** DATA follows **
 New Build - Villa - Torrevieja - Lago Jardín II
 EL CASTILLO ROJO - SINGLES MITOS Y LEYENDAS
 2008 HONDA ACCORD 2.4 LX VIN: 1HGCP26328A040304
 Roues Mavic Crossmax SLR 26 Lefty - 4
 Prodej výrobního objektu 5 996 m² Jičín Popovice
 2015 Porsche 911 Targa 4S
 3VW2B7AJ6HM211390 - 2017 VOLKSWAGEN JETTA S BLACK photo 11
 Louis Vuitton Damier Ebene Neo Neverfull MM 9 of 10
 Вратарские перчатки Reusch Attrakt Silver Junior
** End of DATA **
REQUIREMENT —
Retype each line above exactly as written.

PROBLEM SOLUTION —
 New Build - Villa - Torrevieja - Lago Jardín II
 EL CASTILLO ROJO - SINGLES MITOS Y LEYENDAS
 2008 HONDA ACCORD 2.4 LX VIN: 1HGCP26328A040304
 Roues Mavic Crossmax SLR 26 Lefty - 4
 Prodej výrobního objektu 5 996 m² Jičín Popovice
 2015 Porsche 911 Targa 4S
 3VW2B7AJ6HM211390 - 2017 VOLKSWAGEN JETTA S BLACK photo 11
 Louis Vuitton Damier Ebene Neo Neverfull MM 9 of 10
 Вратарские перчатки Reusch Attrakt Silver Junior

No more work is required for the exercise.